**TASK PROMPT:**
The required output is the exact run of lines from the one bearing "Doctor holding blackboard" through the final line of the listing below, with the pictures removed.

### DATA PROVIDED ###

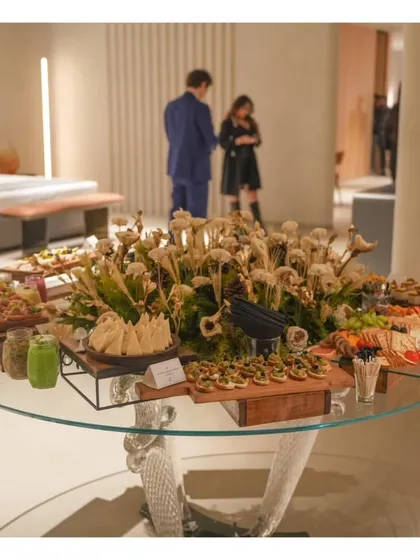 A grazing table set up on a modern glass table for a store launch event. We can adapt our setups to any venue style, from rustic outdoor to chic and contemporary indoor spaces.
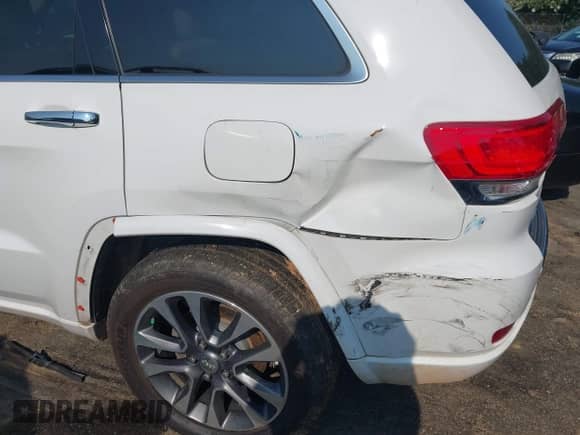 2017 Jeep Grand Cherokee Overland with VIN 1C4RJFCG1HC633004, listed as a IAAI auction lot 42672905 with 138,018 mi miles and . Bid and sale history available at DreamBid. Image 19.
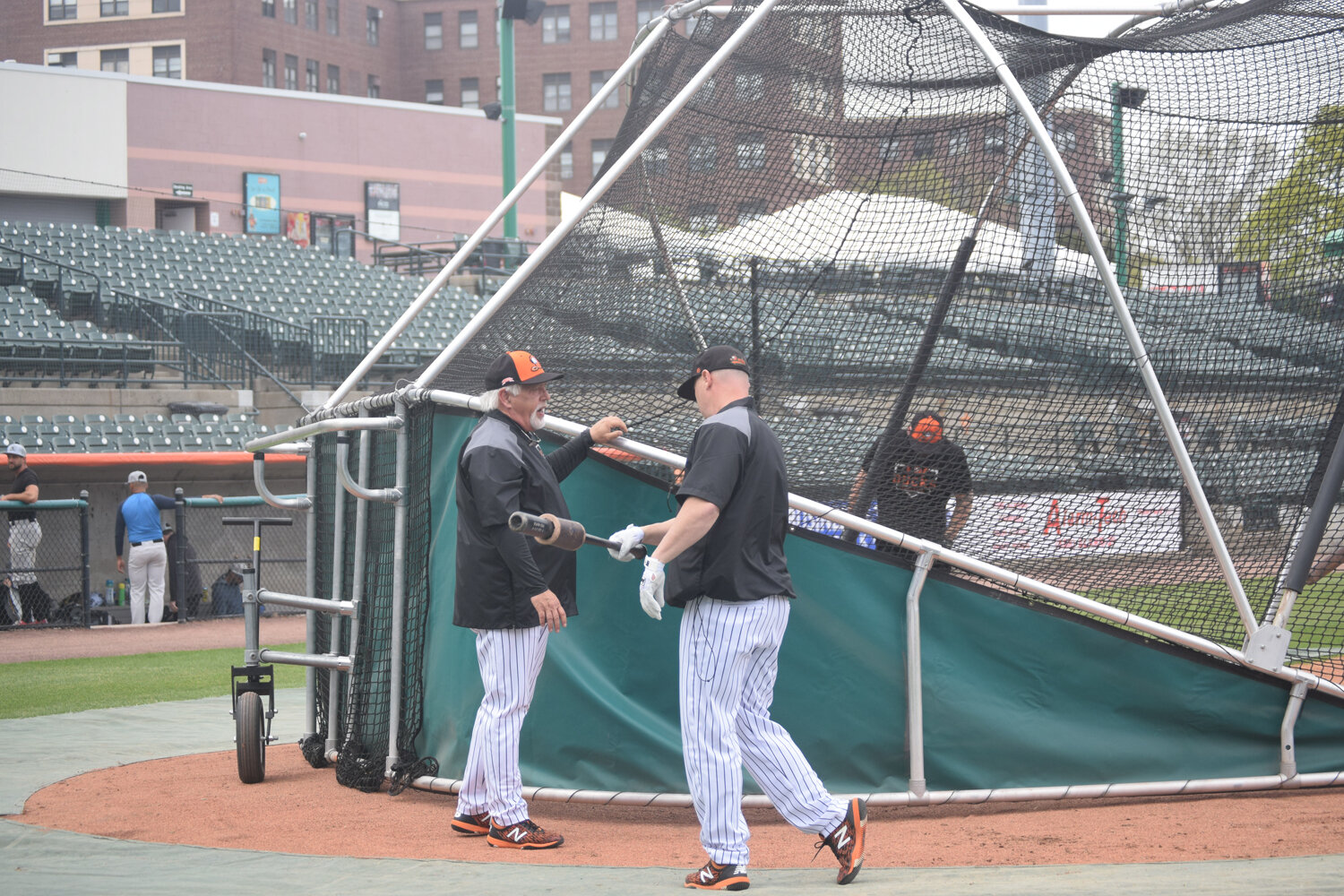Ducks manager Wally Backman, left, and outfielder/hitting coach Lew Ford talk outside the batting cage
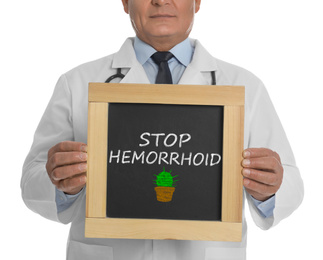 Doctor holding blackboard with phrase STOP HEMORRHOID on white background, closeup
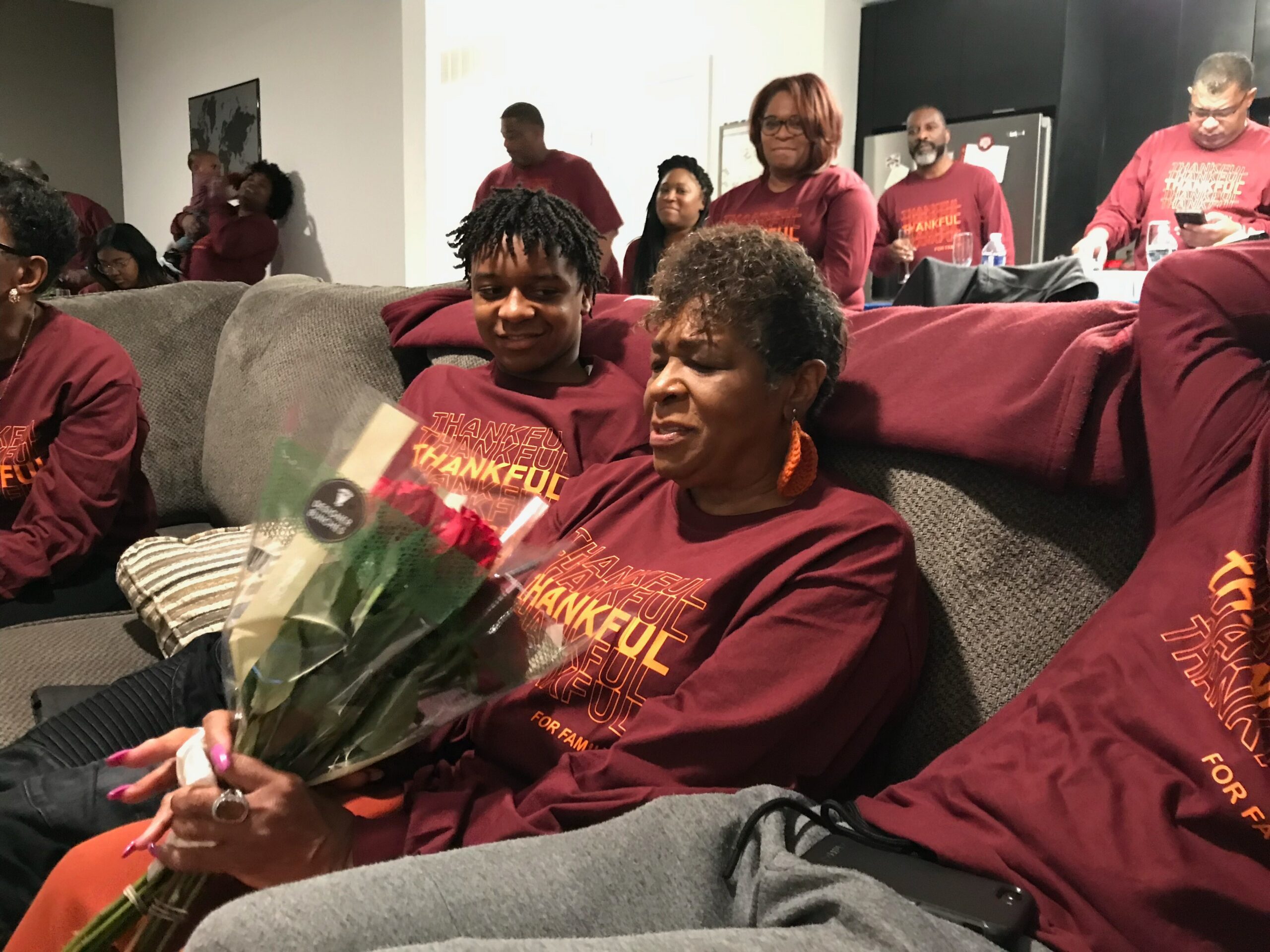 Group of adults in maroon shirts in a living room, with a woman in front holding a bouquet of flowers.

###

**EXERCISE OUTPUT:**
 Doctor holding blackboard with phrase STOP HEMORRHOID on white background, closeup
 Group of adults in maroon shirts in a living room, with a woman in front holding a bouquet of flowers.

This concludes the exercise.